= William of Saint-Omer (son of Walter of Tiberias) =

Crusader noble of the Kingdom of Jerusalem

William of Saint Omer (died before 1204) was a Crusader noble of the Kingdom of Jerusalem and a son of Walter of Saint Omer, Prince of Galilee, and Eschiva of Bures.

==Family and inheritance==

William was the second son of Walter of Saint Omer and Eschiva of Bures, after his elder brother Hugh II of Saint Omer. His younger brothers were Raoul of Saint Omer and Odo of Saint Omer. Walter died in 1174, after which Eschiva married Raymond III of Tripoli, who thereby became Prince of Galilee through his marriage to its heiress. Raymond had no children with Eschiva and acted as stepfather to her sons.

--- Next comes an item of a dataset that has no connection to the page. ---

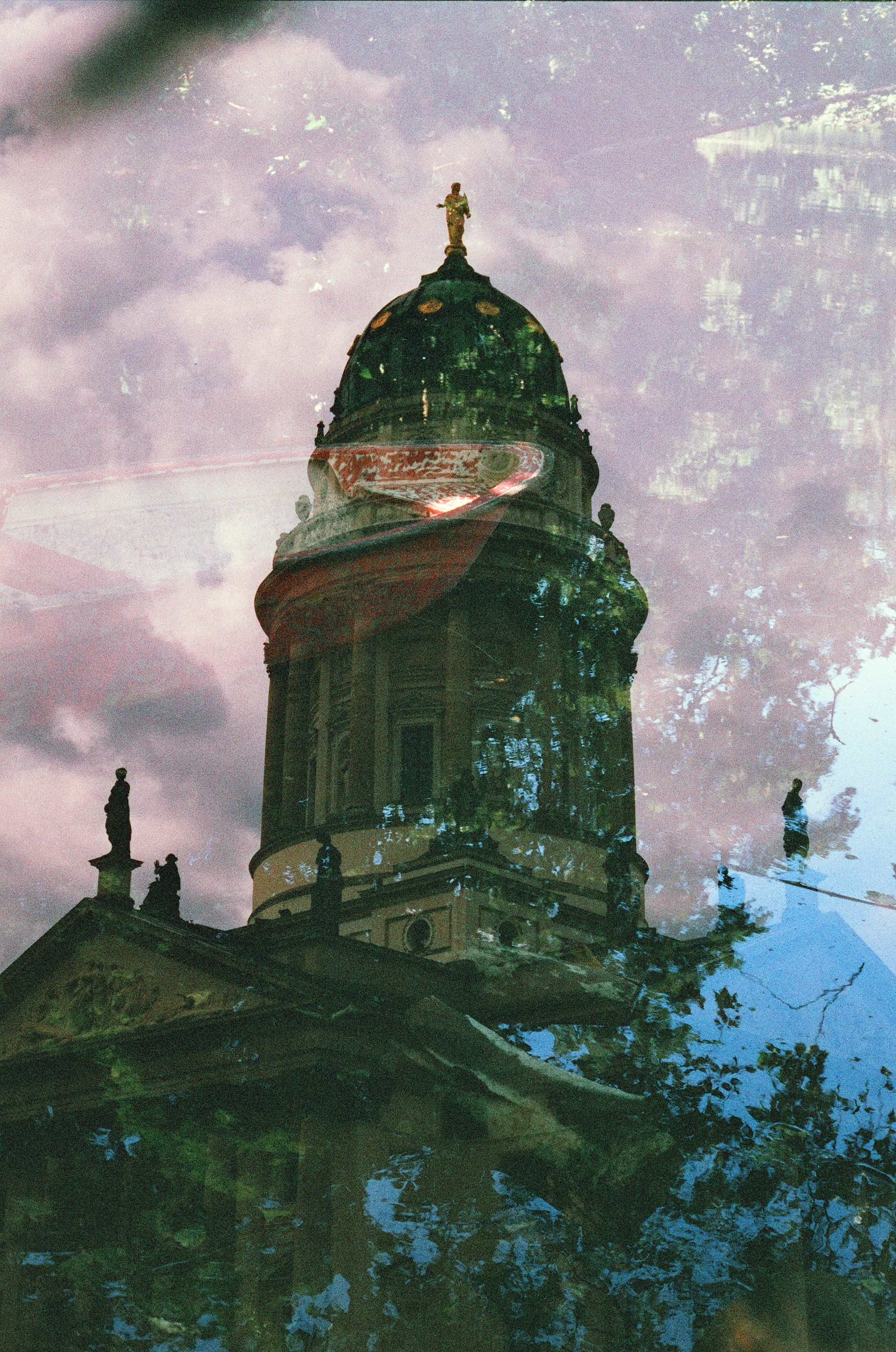 Artistic double exposure capturing Berlin Cathedral blended with nature.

Following the Battle of Hattin in 1187 and Saladin's subsequent conquest of much of the Kingdom of Jerusalem, the Saint-Omer family's territorial possession of Galilee was lost. Raymond III died later that year. William's elder brother Hugh succeeded to the title of Prince of Galilee, although only as a titular prince because the territory itself had been lost.

In 1186, during the succession crisis following the death of Baldwin V, Raymond III summoned the High Court of Jerusalem to Nablus. William and his brothers were probably among those present as Raymond's stepsons, although the evidence for their individual attendance is not certain.

==Third Crusade==

William supported Guy of Lusignan in his dispute with Conrad of Montferrat over the Kingdom of Jerusalem. After Guy began the siege of Acre in 1189, William joined the forces besieging the city.

The siege began in August 1189 and became the principal military operation of the early Third Crusade. William's participation placed him among the barons who continued to support Guy's claim during the prolonged struggle between Guy's faction and the supporters of Conrad.

==Marriage and descendants==

William married Marie, a daughter of Renier, constable of Tripoli, and widow of Baldwin of Ibelin. They had one known daughter, Eschiva, who married Hugues Sans-Avoir, lord of Le Puy.

A charter from 1204 provides evidence for Eschiva's continued presence within the aristocratic networks of the Latin East. By that date William was already dead, while his brother Hugh remained titular Prince of Galilee.

==Death and succession==

The date of William's death is unknown, but he died before 1204. His elder brother Hugh died in 1204, after which their younger brother Raoul succeeded to the family's titular claim to the Principality of Galilee.

The genealogy of the Saint-Omer family in the later Lignages d'Outremer requires caution. The work conflates different generations of the families associated with the lordship of Tiberias, and its genealogical information cannot always be reconciled with contemporary documentary evidence.